Security & Compliance
- Identity-based access (MSI) for pipelines and compute; secrets in Key Vault.
 - Private endpoints for ADLS, Synapse, Azure SQL; no public exposure.
 - Row-Level Security and Dynamic Masking on serving endpoints for least privilege.
 - PII/PCI tagging in Purview; policy-driven sharing with audit trails.
 
Resilience & DR
- RPO: 15–30 mins (CDC to lake), RTO: 1–2 hrs (warm serverless + staged metadata).
 - Geo-redundant storage (RA-GRS) for lake; recover metadata (Purview) via backup/export.
 - Stateless pipelines; re-playable CDC offsets; checkpointed Spark streaming.
 
Performance & Cost (FinOps)
- Use serverless SQL for ad-hoc/interactive; auto-pause dedicated pools out of hours.
 - Partitioning & file sizing: prefer 100–500 MB parquet files; pushdown predicates.
 - Tiered storage & lifecycle policies; archive Curated after SLA windows.
 
Reference Diagram

Example: Serverless External Table on ADLS
-- In Synapse Serverless
CREATE EXTERNAL DATA SOURCE ds_adls
WITH ( TYPE = HADOOP, LOCATION = 'abfss://curated@<storageaccount>.dfs.core.windows.net' );
CREATE EXTERNAL FILE FORMAT parquet_format
WITH ( FORMAT_TYPE = PARQUET );
CREATE EXTERNAL TABLE product_payments
WITH (
  LOCATION = '/payments/v1/',
  DATA_SOURCE = ds_adls,
  FILE_FORMAT = parquet_format
)
AS SELECT * FROM OPENROWSET(
  BULK 'abfss://curated@<storageaccount>.dfs.core.windows.net/payments/v1/*.parquet',
  FORMAT='PARQUET'
) AS src;Example: Contracted Consumer View
CREATE VIEW product_payments_v1 AS
SELECT
  transaction_id,
  merchant_id,
  amount,
  currency,
  txn_ts AT TIME ZONE 'UTC' AS txn_utc,
  customer_id  -- masked / RLS applied downstream
FROM product_payments
WHERE txn_ts >= DATEADD(day, -90, SYSUTCDATETIME());Operational Runbook (Brief)

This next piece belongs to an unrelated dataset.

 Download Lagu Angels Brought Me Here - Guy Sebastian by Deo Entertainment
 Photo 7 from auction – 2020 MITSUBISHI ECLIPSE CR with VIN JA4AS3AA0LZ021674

- Provision Purview, workspaces, storage (raw/curated/product), Key Vault, private endpoints.
 - Stand up ingestion (CDC + batch) with parameterized pipelines per domain.
 - Implement DQ checks → promote to Product only on pass.
 - Expose product contracts (views/tables/models) and register in Purview.
 - Set SLOs, alerts (latency, freshness, failure), and weekly cost/usage reviews.
 
Summary
This hybrid SQL–Synapse mesh lets domains publish governed, reliable data products with predictable SLOs while controlling cost via serverless access and tiered storage. It’s a pragmatic path for regulated institutions to modernize without a risky big-bang migration.